Reductions and trace

let mx = try await M.max()
let mn = try await M.min()
let mu = try await M.mean()
let t = try await I.trace()   // square matrices only

Linear systems, inverse, determinant, SVD, Cholesky

These use LAPACK (Accelerate) on copies; they run off the caller’s executor via Task.detached.

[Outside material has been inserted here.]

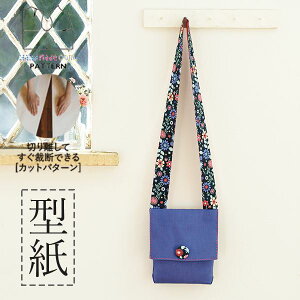 yyVLO / r[TI(iƁ)z ^ p^[ Jbg DT011 uʂṽ|VFbg (F) / DtEEssĂْfI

// Solve A x = b for square A
let A = try NumericMatrix(rows: 3, columns: 3, elements: [
    2, 0, 0,
    0, 2, 0,
    0, 0, 2
])
let x = try await A.solve(b: [1, 2, 3])

let inv = try await A.inversed()
let det = try await A.determinant()
let (U, S, Vt) = try await A.svd()
let L = try await A.cholesky()   // symmetric positive-definite A only

2D convolution (single-channel matrix)

Kernel height and width must be odd and fit inside the single-channel image. GPU path uses MPSGraph; CPU fallback uses Accelerate (vDSP_imgfir) with the documented constraints. For stride/padding control in models, use Conv2DLayer (NCHW) below.

let height = 32
let width = 32
let image = try NumericMatrix(
    rows: height,
    columns: width,
    elements: Array(repeating: 0.1, count: height * width)
)

let kernel = try NumericMatrix(rows: 3, columns: 3, elements: [
    0, 0.25, 0,
    0.25, 0, 0.25,
    0, 0.25, 0
])

let out = try await image.convolved(with: kernel)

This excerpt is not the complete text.